*Task prompt:*
Go to the line in the entries below that holds "Mourners from Nigeria" and repeat exactly from there through the line that holds "Off-road vehicle with", inclusive.

*Source records:*
- - - - -
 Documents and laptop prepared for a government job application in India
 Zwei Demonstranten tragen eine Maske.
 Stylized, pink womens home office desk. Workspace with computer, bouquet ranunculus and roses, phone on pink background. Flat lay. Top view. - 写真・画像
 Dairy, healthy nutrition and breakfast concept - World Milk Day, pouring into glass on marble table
- - - - -
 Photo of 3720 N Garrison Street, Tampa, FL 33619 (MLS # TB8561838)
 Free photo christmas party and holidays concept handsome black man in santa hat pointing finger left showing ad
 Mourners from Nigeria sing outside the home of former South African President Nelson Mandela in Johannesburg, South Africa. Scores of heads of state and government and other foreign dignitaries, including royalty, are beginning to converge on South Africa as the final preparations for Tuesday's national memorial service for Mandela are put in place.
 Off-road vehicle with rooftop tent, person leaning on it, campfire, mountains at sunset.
- - - - -
*Solution below:*
 Mourners from Nigeria sing outside the home of former South African President Nelson Mandela in Johannesburg, South Africa. Scores of heads of state and government and other foreign dignitaries, including royalty, are beginning to converge on South Africa as the final preparations for Tuesday's national memorial service for Mandela are put in place.
 Off-road vehicle with rooftop tent, person leaning on it, campfire, mountains at sunset.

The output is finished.